EDUCATION
Brighton & Hove High School – The Kindergarten The Old Vicarage
Brighton & Hove High School, Junior House The Old Vicarage
A history of success at Brighton & Hove High School
This year, Brighton & Hove High School is celebrating its 140th birthday. Situated in both Brighton’ s Montpelier Road and Radinden Manor Road in Hove, the school was established in 1876 by the Girls’ Public Day School Trust( GDST) – a pioneering organisation in the provision of education for girls. Today, the GDST is one of the largest charities in the UK, leading a network of independent girls’ schools, with 24 schools and two academies throughout England and Wales. Founded in 1872, it educates 20,000 students and has an alumnae network of over 65,000 women.
The Brighton & Hove High School archives cast light on a fascinating period of women’ s history. The first teachers at the school were university educated, although prevented from obtaining a degree from the institutions they had attended. The first head, Miss Creak, had been at a boys’ preparatory school in Hove where her father was headmaster. She entered Newnham College, Cambridge, at the age of 16, and by 21 she was back in Brighton inspiring many of her new pupils at Brighton High School( BHS) to apply to university.
The initial intake of 17 pupils at BHS included the future novelist and poet, Amy Levy, dubbed‘ the Jewish Jane Austen’; she had already published a volume of poetry when she became the first Jewish student at Newnham College. Oscar Wilde described her as“ a girl of genius”, and her novel Reuben Sachs( seen as a counterpoint to George Eliot’ s, Daniel Deronda),“ a classic”.
Amy’ s friends, the Black sisters, daughters of Brighton’ s town clerk and coroner, were also among the first pupils. Clementina, the eldest of eight children, became a teacher of mathematics and was active in the Women’ s Trade Union League. She was an early advocate of equal pay and helped organise the match girls’ strike at Bryant and May. She also published
seven novels. Her sister, Constance, received a government scholarship to attend Newnham College and went on to marry the publisher, David Garnett. She was the first to translate the Russian greats, introducing Chekhov, Dostoevsky, Tolstoy and Turgenev for an English readership. In total she translated more than 60 texts, many of which are still in print.

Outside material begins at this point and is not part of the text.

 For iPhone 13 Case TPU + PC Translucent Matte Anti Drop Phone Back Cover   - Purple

By 1880, the school had expanded to over 100 pupils and moved to its current home in Thomas Kemp’ s former residence, The Temple. The Martindale sisters, Hilda and Louisa, attended BHS at this time. Their mother, also Louisa, was a member of the Women’ s Liberal Federation and the National Union of Women’ s Suffrage. Unsurprisingly, the girls would go on to have public careers, Hilda earning an OBE for her work as HM Inspector of Factories, Southern Division, and Louisa being accepted to study medicine at Royal Holloway at the age of 17. Louisa had her own practice in Brighton, where she was the first ever female GP, and went on to set up the New Sussex Hospital for Women in Windlesham Road, courting controversy by writing about and treating conditions associated with prostitution. She pioneered the early treatment of breast and cervical cancers and wrote several books on women’ s health, receiving a CBE in 1931.
As is evident, throughout its 140-year history, girls from the school have gone on to do so many varied and groundbreaking things. The 140th birthday celebrations will culminate on 6th July with a Race for Life event and picnic on Hove Lawns, where the whole school community will be taking part.

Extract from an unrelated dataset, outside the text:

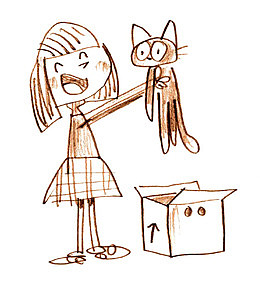 抱着猫的女孩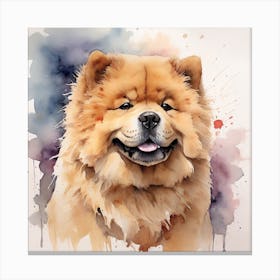 Chow Chow Watercolor Painting Canvas Print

Head teacher, Jennifer Smith, says:“ We are very proud of Brighton and Hove High’ s heritage and its contribution to women’ s education over the years; but we are an outward-looking school, and proud to be part of the city of Brighton and Hove, so we are celebrating our birthday by trying to raise as much money as we can for Cancer Research UK, and at the same time having some fun with girls, staff and parents, past and present.”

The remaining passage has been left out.